Bennie was a good friend of mine growing up. The quintessential "big" kid, Bennie was about six feet tall when he was 13, and always was a great athlete.
Ryan was my class's super star. Voted Most Athletic, starting quarterback and point guard from his freshman year on. He didn't have Bennie's height, but if he did, he would have been one of the top football recruits in the country. Except basketball was always his first love, and would have been a major recruit on the hardwood as well.
Ryan lived a few houses down from me, and Bennie was in the neighborhood. I spent a few summers playing variations of three-man basketball with those two, and I could probably count on one hand the amount of games we played that didn't result in a fight between them. Insanely competitive and both very talented.
I chose not to engage in a competitive battle between them. My highest and best use was to simply break up the fights before they started, so we wouldn't get in trouble.
After the two of them broke several school records in football (Bennie would eventually give up baseball and basketball, Ryan eventually quit baseball), Bennie would receive a scholarship to play tight end at Michigan. Ryan, at 5-foot-9, walked on the basketball team at the University of Minnesota.
Bennie red-shirted, and eventually finished second to Iowa's Dallas Clark in most receiving categories in the Big 10 and in the nation. He was a second round draft pick by the Houston Texans. The 'U' (what Minnesotans refer to the main college in the state) would be caught amid a massive academic fraud scandal, although Ryan didn't participate in any way (Clem Haskins, the coach behind it all, was fired), he would leave for a Division III school in Minnesota. He got back into football after a two-year absence, and led that school to a national championship his senior year.
Bennie battled knee injuries in successive years, and eventually was released by the Texans. He's considered a "bust" by the common definition, but it's essentially impossible to measure the reaction of one's knee to sharp lateral cuts on grass or artificial turf before the draft. He landed in Seattle, under Mike Holmgren, where they saw value in him as a special teams player. Bennie was a wedge-buster; the guy who previously would ram himself head-on into the primary blocking on kick returns.
Three-person wedges have since been banned in the NFL.
Ryan married a girl I went to grade school with, and is a higher-up in his family's business. A buddy of mine played softball with him up until this year, when apparently he hung up his cleats. He's got a kid and is doing that whole thing.
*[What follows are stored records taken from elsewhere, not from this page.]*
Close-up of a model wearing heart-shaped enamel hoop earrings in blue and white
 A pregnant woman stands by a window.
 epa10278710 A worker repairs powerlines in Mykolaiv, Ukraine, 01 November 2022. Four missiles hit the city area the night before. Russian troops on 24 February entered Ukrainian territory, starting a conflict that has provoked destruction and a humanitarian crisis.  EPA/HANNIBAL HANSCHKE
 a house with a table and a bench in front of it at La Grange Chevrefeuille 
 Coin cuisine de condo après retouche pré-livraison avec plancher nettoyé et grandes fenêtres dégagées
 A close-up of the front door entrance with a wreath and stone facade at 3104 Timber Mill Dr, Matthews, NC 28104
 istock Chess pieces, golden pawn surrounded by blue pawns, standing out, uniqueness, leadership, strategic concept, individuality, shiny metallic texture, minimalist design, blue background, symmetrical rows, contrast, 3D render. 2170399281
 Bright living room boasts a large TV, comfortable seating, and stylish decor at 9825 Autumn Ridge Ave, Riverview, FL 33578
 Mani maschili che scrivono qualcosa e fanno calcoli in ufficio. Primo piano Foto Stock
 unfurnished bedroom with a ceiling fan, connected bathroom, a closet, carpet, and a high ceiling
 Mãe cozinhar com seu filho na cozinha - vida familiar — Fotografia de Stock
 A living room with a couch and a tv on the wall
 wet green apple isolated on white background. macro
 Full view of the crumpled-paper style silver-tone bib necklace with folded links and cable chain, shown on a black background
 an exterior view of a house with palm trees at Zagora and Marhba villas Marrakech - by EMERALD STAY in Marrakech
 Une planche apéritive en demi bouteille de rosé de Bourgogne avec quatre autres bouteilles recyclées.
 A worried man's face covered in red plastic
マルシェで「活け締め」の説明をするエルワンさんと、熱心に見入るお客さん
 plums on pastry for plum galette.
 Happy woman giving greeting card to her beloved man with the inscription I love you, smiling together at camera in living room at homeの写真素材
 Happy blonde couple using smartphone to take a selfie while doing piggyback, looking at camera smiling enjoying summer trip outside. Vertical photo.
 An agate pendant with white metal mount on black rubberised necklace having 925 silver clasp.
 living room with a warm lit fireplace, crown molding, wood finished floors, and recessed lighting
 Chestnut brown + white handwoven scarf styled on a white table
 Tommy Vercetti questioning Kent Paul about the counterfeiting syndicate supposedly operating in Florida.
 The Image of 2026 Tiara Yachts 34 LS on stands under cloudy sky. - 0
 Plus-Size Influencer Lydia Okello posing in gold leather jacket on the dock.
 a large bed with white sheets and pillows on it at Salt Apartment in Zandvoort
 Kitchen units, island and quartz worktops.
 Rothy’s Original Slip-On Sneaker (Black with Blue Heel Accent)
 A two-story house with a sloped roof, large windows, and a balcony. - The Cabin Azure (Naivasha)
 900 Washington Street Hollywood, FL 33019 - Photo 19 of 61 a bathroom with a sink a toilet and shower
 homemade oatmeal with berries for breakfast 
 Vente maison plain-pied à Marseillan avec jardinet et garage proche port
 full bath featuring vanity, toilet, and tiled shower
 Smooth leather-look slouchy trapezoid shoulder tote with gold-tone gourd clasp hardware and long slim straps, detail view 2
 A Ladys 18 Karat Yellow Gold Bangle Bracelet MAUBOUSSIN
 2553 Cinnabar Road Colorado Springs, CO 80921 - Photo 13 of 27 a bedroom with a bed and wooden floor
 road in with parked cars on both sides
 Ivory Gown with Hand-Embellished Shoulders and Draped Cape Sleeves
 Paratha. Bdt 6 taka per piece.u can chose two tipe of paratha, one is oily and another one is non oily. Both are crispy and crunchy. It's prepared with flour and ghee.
Last I heard, Bennie had a seizure at the age of 29.
While there may not be enough scientific evidence to confirm the direct link between repeated blows to the head among the living and chronic traumatic encephalopathy (CTE), if it has webbed feet, waddles around and quacks, it's probably a duck.
That's the focus of Mark Roth's excellent piece in Sunday's Post-Gazette; the long-term effects of CTE on former NFL players, and some discussion on how it's currently impossible to detect among the living.
In the article, Roth references a study in which University of Chicago neurosurgeon Julian Bailes estimates a college football player will have experienced 8,000 blows to the head, with more to come in the pros. That's a sobering number.
While I was never a great football player, I've often told one of my favorite glory day stories, the time when Bennie, the future NFL player, cleaned my clock on a power sweep in practice. I was the cornerback responsible for funneling the play inside. I remember the sound of the hit; kind of like hitting a metal bucket half full of water with a plastic stick. I remember lying on the ground, staring at the sky. Not in pain, but a dull sense of cognition, sort of aware of what just happened, but in no particular rush to move.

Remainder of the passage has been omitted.